I recently needed to be able to parse CSV export from excel, in Javascript. The only way I could find to parse it was a stream-oriented parser, so I came up with this that seems to cope with the majority of strangeness, including multiline cells, quotation marks, and escape and non-escaped cells.
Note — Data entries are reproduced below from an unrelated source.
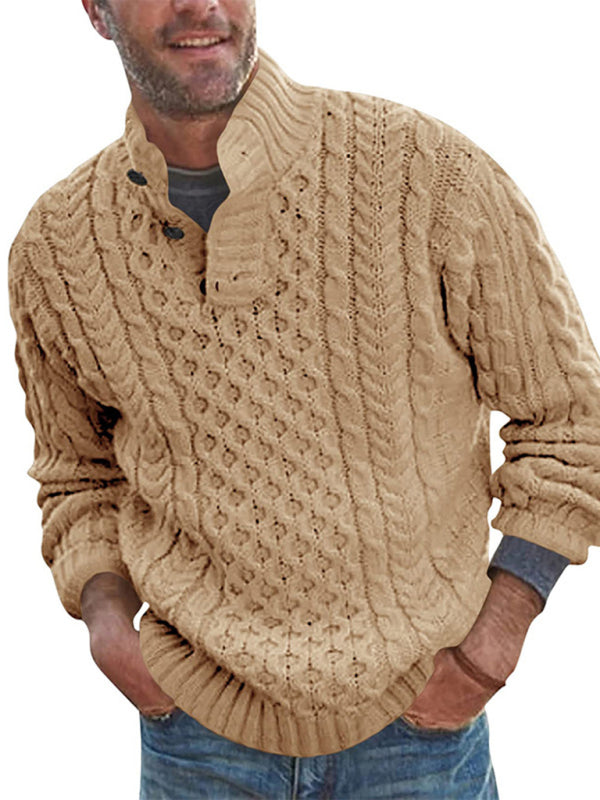 Men's Solid Color Half Turtle Collar Slim Fit Long Sleeve Knitted Sweater Shello's Creative Boutique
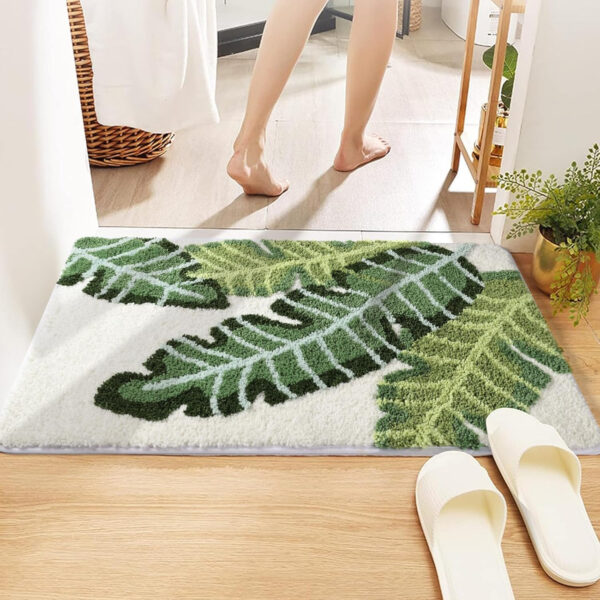 Bath Mat Leaves Green Area Rug Non-Slip Soft Absorbent Bathroom Rugs Machine Washable Bath Rug Floor Carpet Entryway Door Mat for Tub Shower Decor 19.5 X 31.5 Inches
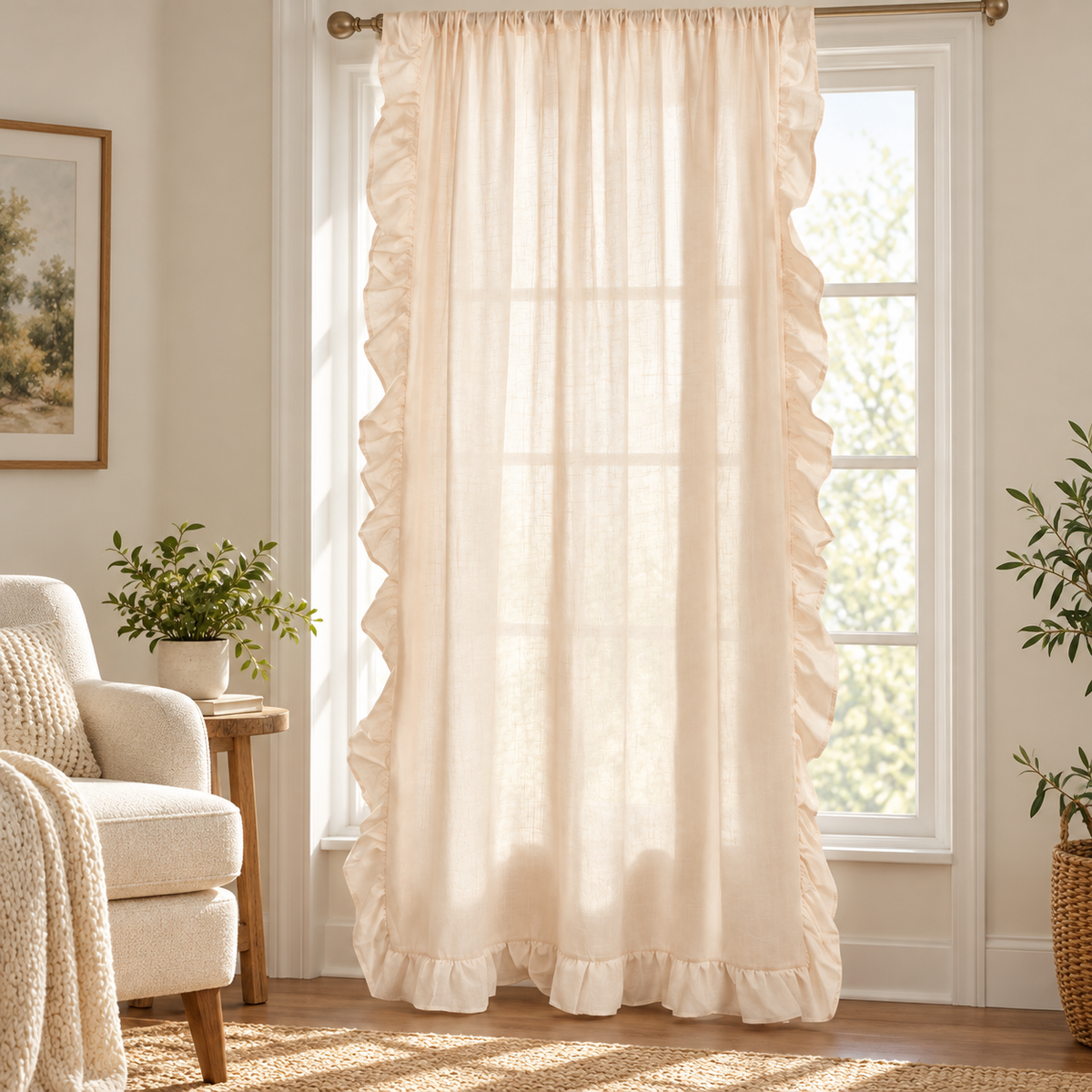 Cream Beige Sheer Ruffled Curtain Panel – 40″ × 63″ – Rod Pocket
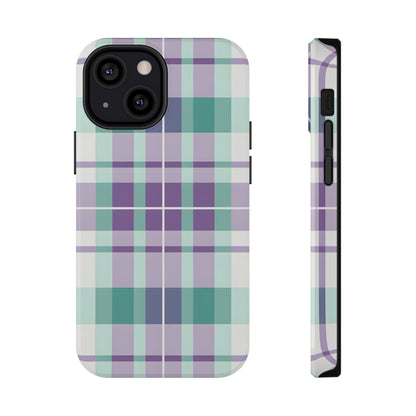 Impact-Resistant Phone Case - Spring Plaid Purple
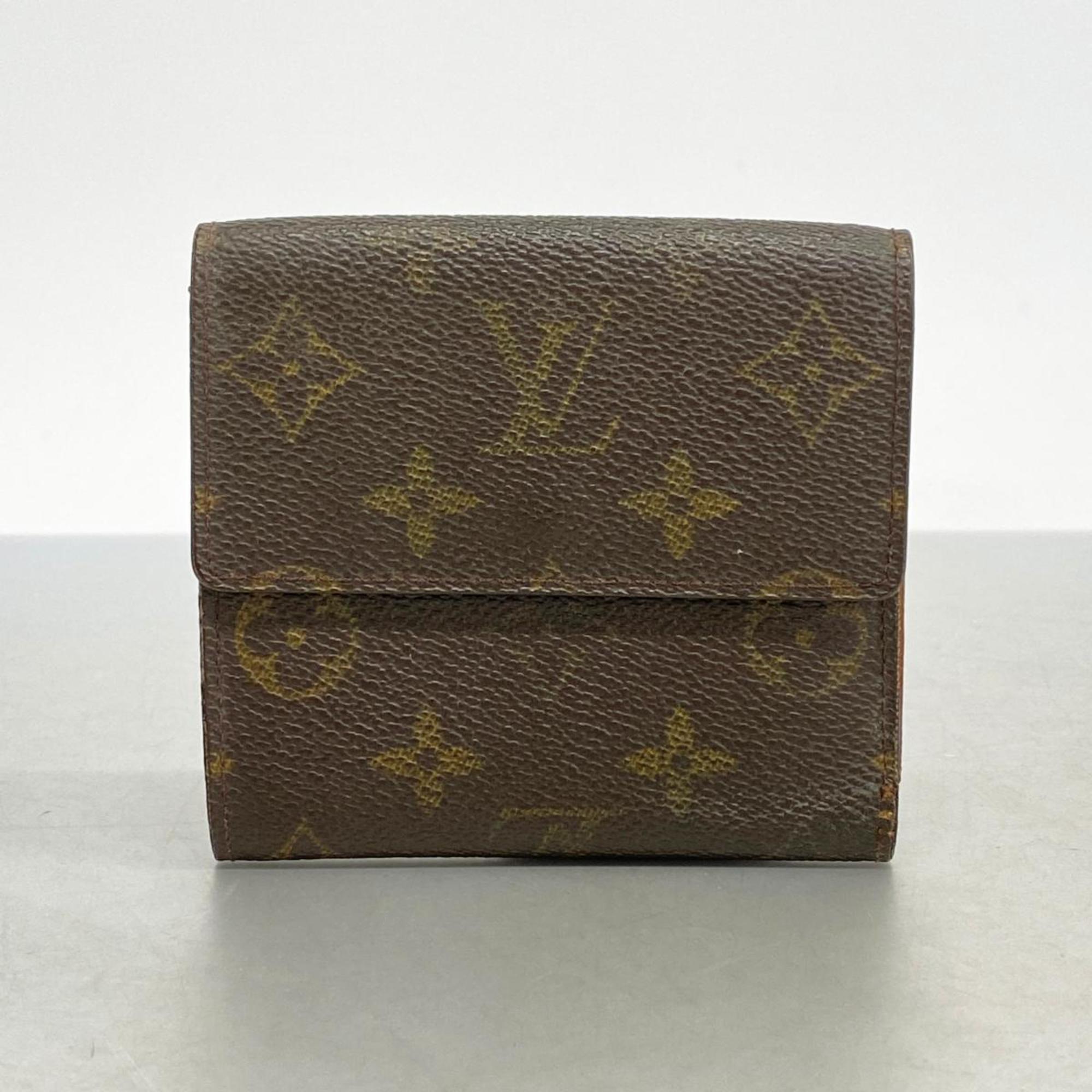 Louis Vuitton Tri-fold Wallet Monogram Porte Monnaie Billet Credit M61652 Brown Men's Women's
It’s implemented in coffeescript:

class CSV
  constructor: (data) ->
    @raw = data

    @_parse(@raw)

  _parse: ->
    @rows = []
    row = []
    cell = ""

    offset = 0

    mode = CSV.RAW

    while offset < @raw.length
      ch = @raw.charAt(offset)
      adjacent = @raw.charAt(offset+1)

      if mode == CSV.RAW
        if ch == ","
          row.push cell
          cell = ""
        else if ch == "\r"
          @rows.push row
          row = []
          cell = ""
        else if ch == "\""
          mode = CSV.ESC
        else
          cell += ch

      else if mode == CSV.ESC
        if ch == "\""
          if adjacent == "\""
            cell += ch
            offset += 1
          else
            mode = CSV.RAW
        else
          cell += ch
      
      else
        throw "Invalid csv parser mode"
    
      offset += 1

    @rows
  
CSV.RAW = 1
CSV.ESC = 2

@CSV = CSV

This is a good example of code which will block the browser in a big-time way. For example, if you tried to parse a one megabyte CSV file, you’ll probably crash webkit mobile devices, and get script timeout errors in slower javascript implementations. Whoever, because all the looping logic is in a while, it’d be straightforward to make the parser run inside a setInterval loop, and let the browser remain responsive.